Una faena finalizaba con el “puntillazo”, tremendo chuzón dado con una puñaleta, llamada puntilla, al toro ya caído. El oficio del “puntillero” es hundir la puñaleta en la cerviz en busca del bulbo raquídeo, tratando de acertar para fulminar al animal. Una vez, en una corrida tediosa, el puntillero estaba inseguro y en vez de acabar de matar, revivía a los toros agonizantes. Nuestro grupo de acomodadores, ya pasados de tragos, protestaba ruidosamente y le gritaba: “Leonisa, Leonisa, vos parás a todos los caídos”. Al terminar la corrida bajaron al callejón para salir fácilmente de la plaza, y el enfurecido puntillero salió de la nada blandiendo su puñaleta y amenazando ejercer su sanguinaria ocupación con nosotros, pero fue oportunamente sujetado por sus compañeros de cuadrilla.
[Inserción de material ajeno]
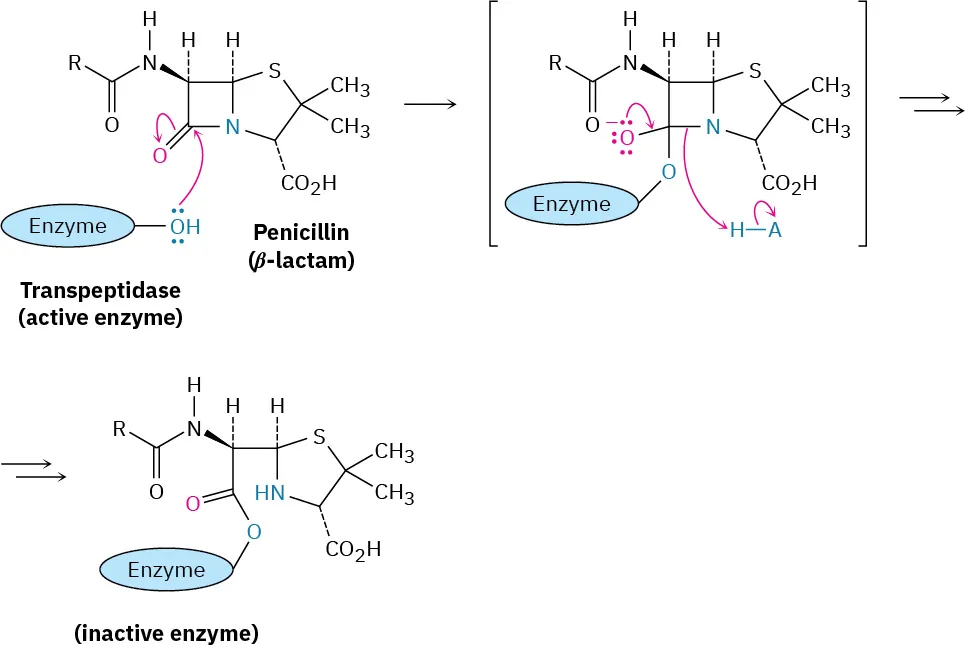The reaction schee shows the conversion of the active enzyme transpeptidase to an inactive enzyme. An intermediate is formed in the pathway is enclosed in parentheses.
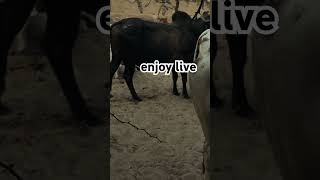 Live enjoy Ox style #cow #ox #meeting #meetup #shortsviral #shorts #short #viralshorts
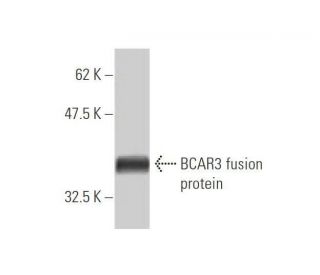 BCAR3 Antibody (3G4) - Western Blotting - Image 348964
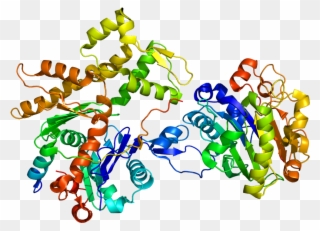 Wiskott Aldrich Syndrome Protein Structure Clipart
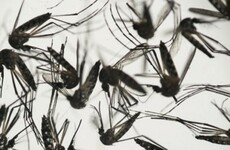 How many cases of the Zika virus have been confirmed in Ireland? It's the week in numbers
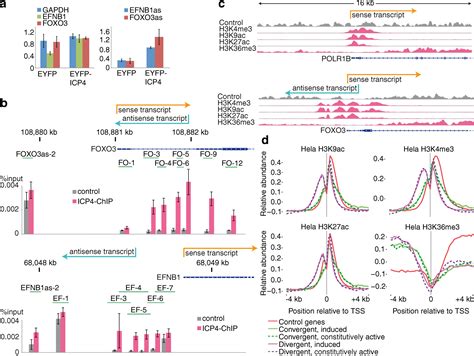 Widespread Activation Of Antisense Transcription Of The Host Genome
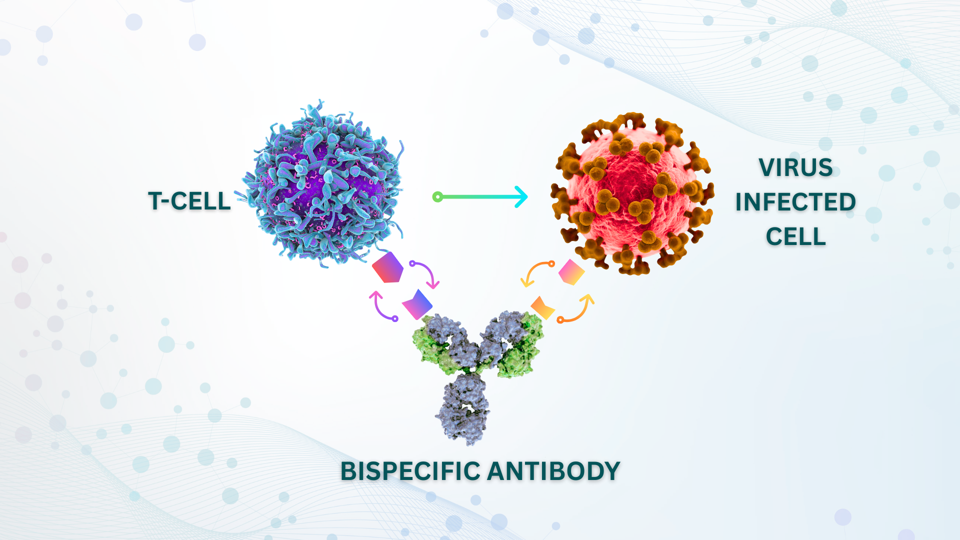 Bispecific Antibody Diagram B
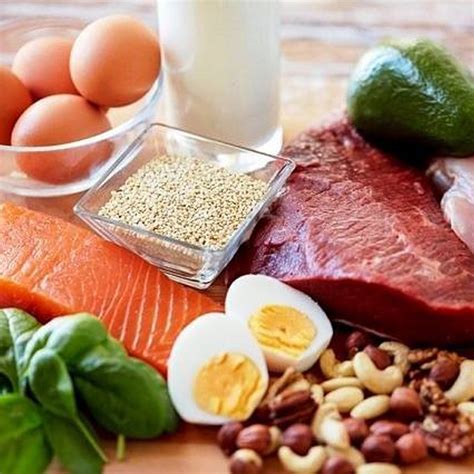 Protein 101: Who Needs It and Why? - Blog | Healthy Options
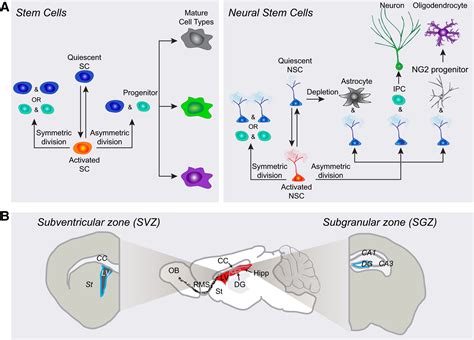Adult Mammalian Neural Stem Cells And Neurogenesis Five Decades Later Cell Stem Cell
El remate de corrida se llevaba a cabo en el café El Polo, el más importante de la ciudad, adornado con los afiches de los toreros de la temporada. Nuestro grupo de amigos apostaba sobre el número de matadores que llevaban el pipí al lado derecho o izquierdo de la apretada taleguilla. Hubo incluso discusiones acerca de si llevarlo a un lado o a otro significaba determinada apetencia sexual. La tauromaquia alcohólica, la embriaguez a la española, daba para todo.